Throughout my years in school, I was taught that the American Civil War was fought for one reason and one reason only, slavery. The Confederates were a bunch of backwards, racist, beasts who soaked in their lust for blood and brutality. Meanwhile, the Union was the real life version of the Super Friends. Instead of being led by Superman, they were led by top hat wearing Honest Abraham Lincoln. A man who loved his fellow man so much, that he was willing to go to war so that all men could live equally. When he was assassinated by John Wilkes Booth in 1865, we were told it was because the Southerners were poor losers who took it out on a great American hero. We were told that John and his fellow conspirators were a bunch of inbred fools who deserved every punishment they got. As I got older, I started to question the “official” history of the Civil War. It seemed odd to me that an entire portion of the country would rebel over something like slaves. At that point, I started to research anything and everything that had to do with the Civil War and the months preceding it. As it turns out, everything I was taught in school was absolute bullshit. In fact, what I found not only made me sympathize with the South, it made me a Confederate in heart and soul. So what did I find that would cause me to take such a stance? Well, let’s find out:

Abraham Lincoln: There are maybe 3 or 4 presidents I actually truly hate, and “Honest” Abe Lincoln is one of them.
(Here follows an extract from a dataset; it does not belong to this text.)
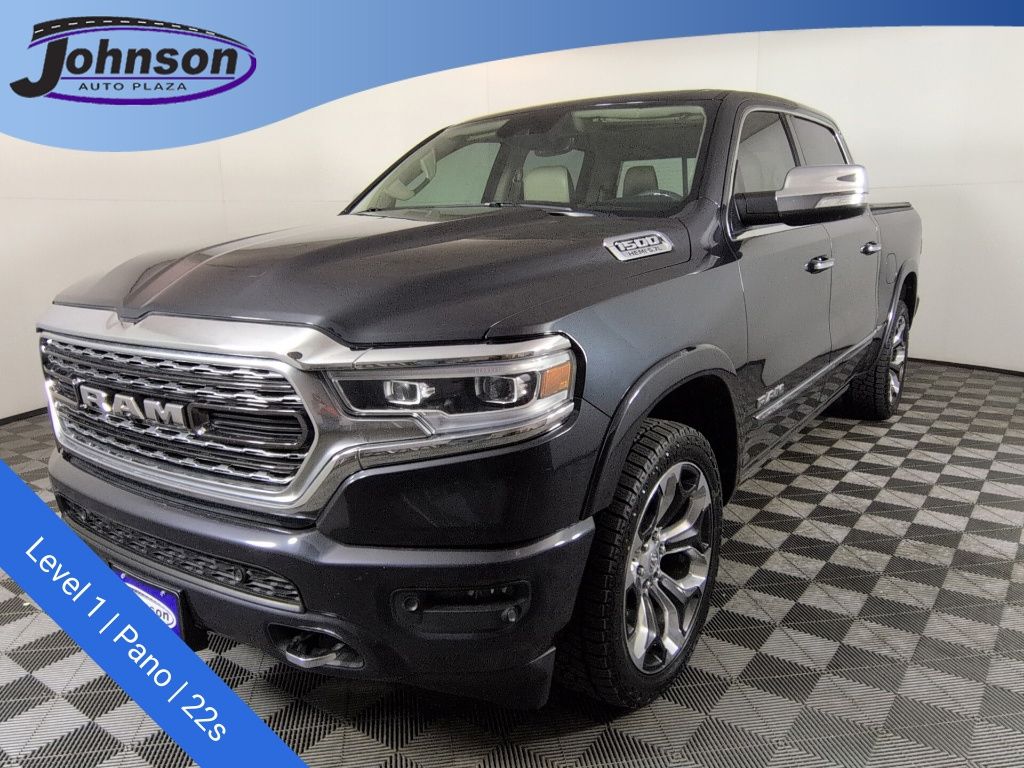 2020 RAM Ram 1500 Pickup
I actually held a great amount of respect for Lincoln at one time. I remember thinking that it takes a MASSIVE amount of testicular fortitude to risk the nation just so people can be equal and free. As it turns out, Lincoln really was for the freedom of the blacks…just as long as they stayed far the fuck away from the White race. In 1858 Lincoln took part in a series of debates with Stephen A. Douglas. With each debate, Douglas did his best to paint Lincoln as an abolitionist at a time when slavery was commonplace. Lincoln was having none of that. At first he started using subtlety to deflect the words of his opponent. When that failed, he went full blown “master race”. The following is from a transcript of one of the 1858 debates: 
 
“I am not, nor ever have been, in favor of bringing about in any way the social and political equality of the white and black races, that I am not nor ever have been in favor of making voters or jurors of negroes, nor of qualifying them to hold office, nor to intermarry with white people; and I will say in addition to this that there is a physical difference between the white and black races which I believe will forever forbid the two races living together on terms of social and political equality. And in as much as they cannot so live, while they do remain together there must be the position of superior and inferior, and I as much as any other man am in favor of having the superior position assigned to the white race. I say upon this occasion I do not perceive that because the white man is to have the superior position the negro should be denied everything. “ – Abraham Lincoln.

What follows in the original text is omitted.